** Opening Materials provided block **

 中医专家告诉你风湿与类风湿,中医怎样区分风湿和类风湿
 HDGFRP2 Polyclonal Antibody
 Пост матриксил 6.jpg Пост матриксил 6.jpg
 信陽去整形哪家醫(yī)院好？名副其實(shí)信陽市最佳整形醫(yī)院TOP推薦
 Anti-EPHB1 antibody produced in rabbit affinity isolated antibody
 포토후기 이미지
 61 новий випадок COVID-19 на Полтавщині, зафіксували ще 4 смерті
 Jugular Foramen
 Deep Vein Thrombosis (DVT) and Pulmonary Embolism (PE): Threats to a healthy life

** Closing Materials provided block **
** Opening Materials provided block **

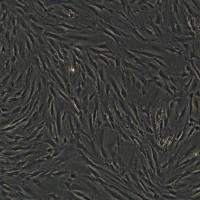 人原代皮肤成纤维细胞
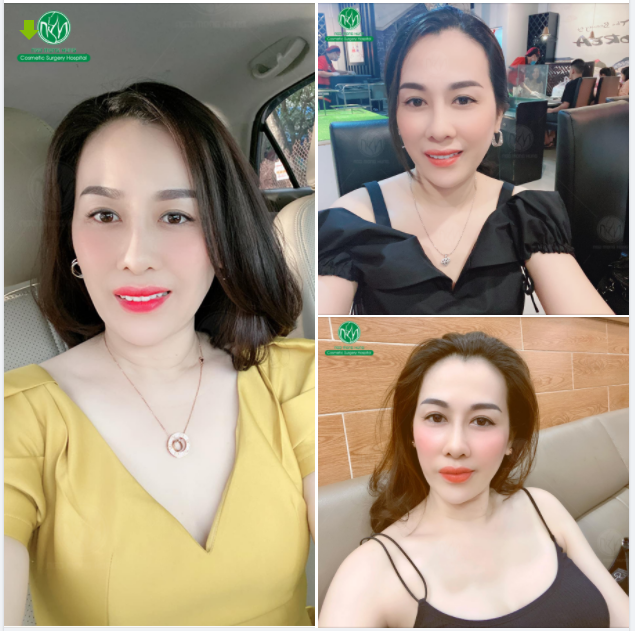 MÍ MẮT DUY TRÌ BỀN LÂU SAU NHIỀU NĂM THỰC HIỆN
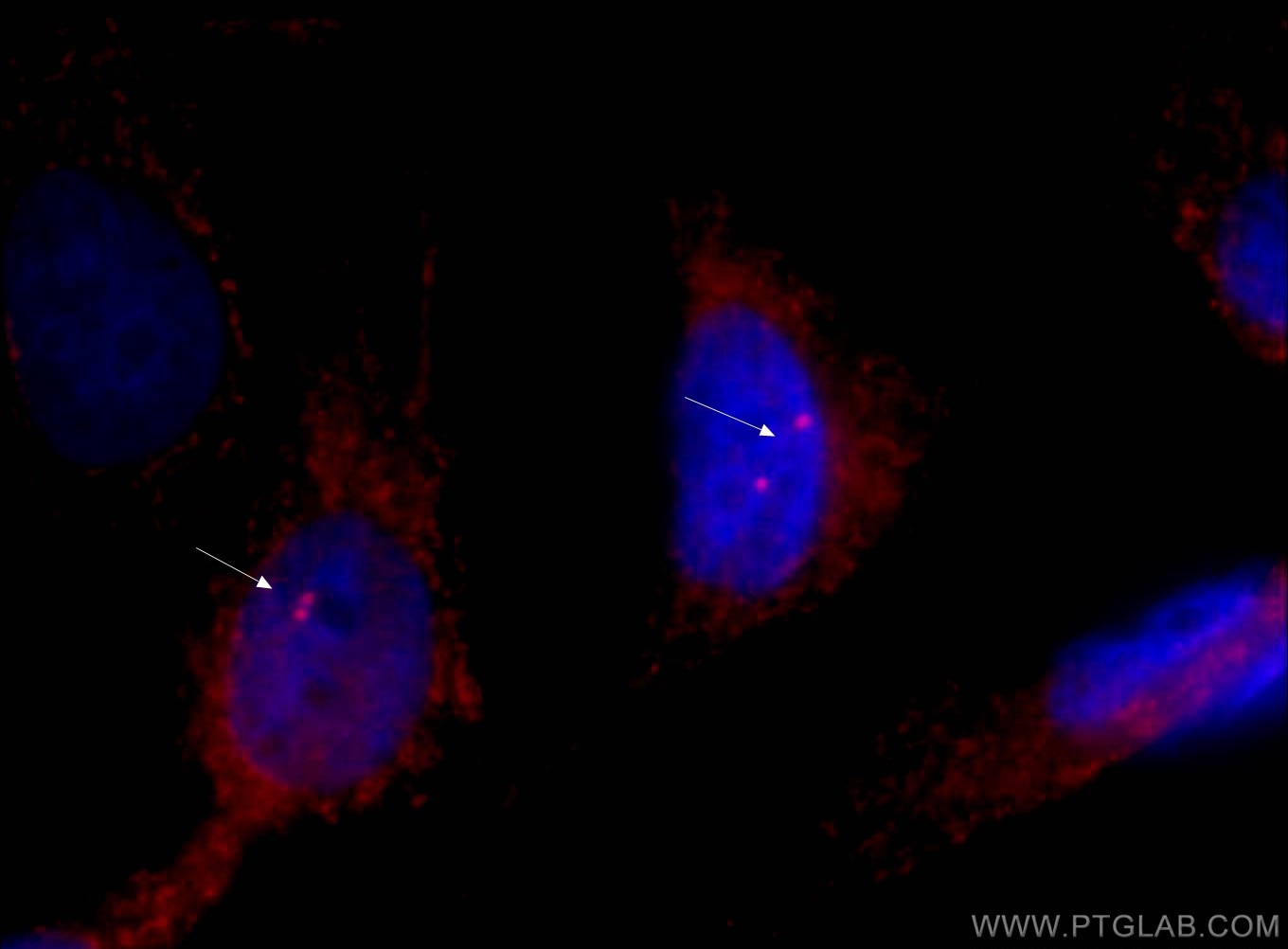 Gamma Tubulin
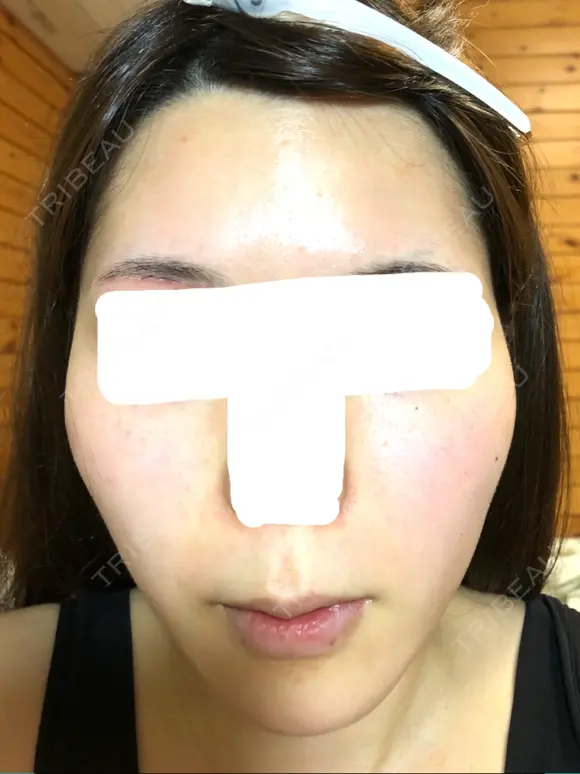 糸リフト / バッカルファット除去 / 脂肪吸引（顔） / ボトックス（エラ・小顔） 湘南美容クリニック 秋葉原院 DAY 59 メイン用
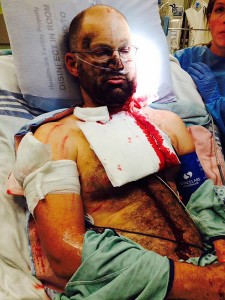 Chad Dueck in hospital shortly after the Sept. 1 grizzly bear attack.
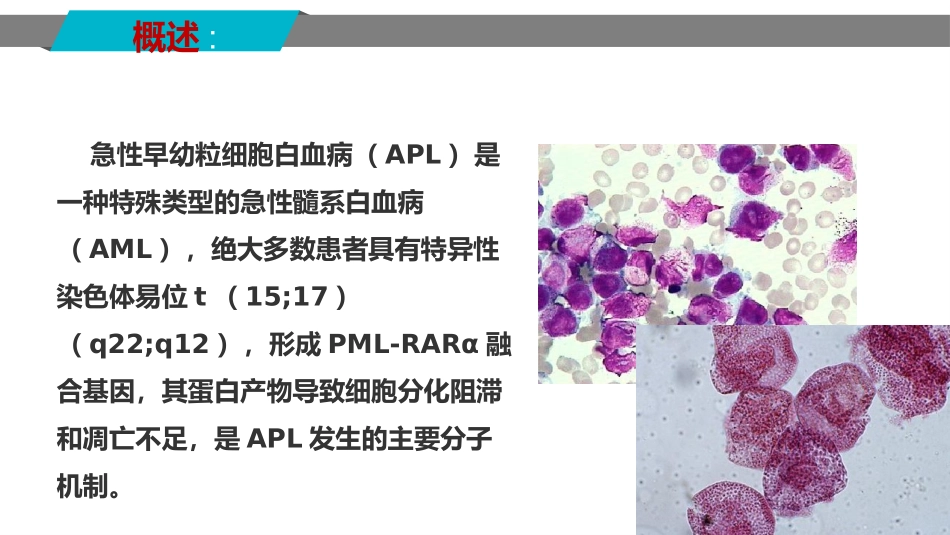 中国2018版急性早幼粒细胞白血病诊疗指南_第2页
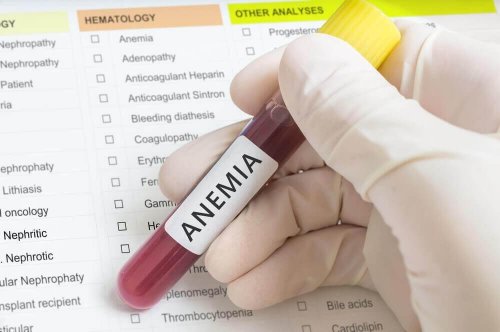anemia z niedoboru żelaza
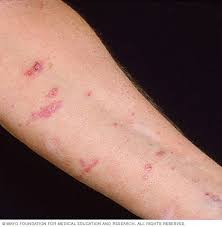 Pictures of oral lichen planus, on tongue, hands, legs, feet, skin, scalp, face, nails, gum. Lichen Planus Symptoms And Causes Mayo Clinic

** Closing Materials provided block **

- Exercise description -
Take the entries above and copy exactly the lines starting at the one with "Gamma Tubulin" and ending at the one with "Pictures of oral"; nothing outside that span, and no pictures.

- Answer -
 Gamma Tubulin
 糸リフト / バッカルファット除去 / 脂肪吸引（顔） / ボトックス（エラ・小顔） 湘南美容クリニック 秋葉原院 DAY 59 メイン用
 Chad Dueck in hospital shortly after the Sept. 1 grizzly bear attack.
 中国2018版急性早幼粒细胞白血病诊疗指南_第2页
anemia z niedoboru żelaza
 Pictures of oral lichen planus, on tongue, hands, legs, feet, skin, scalp, face, nails, gum. Lichen Planus Symptoms And Causes Mayo Clinic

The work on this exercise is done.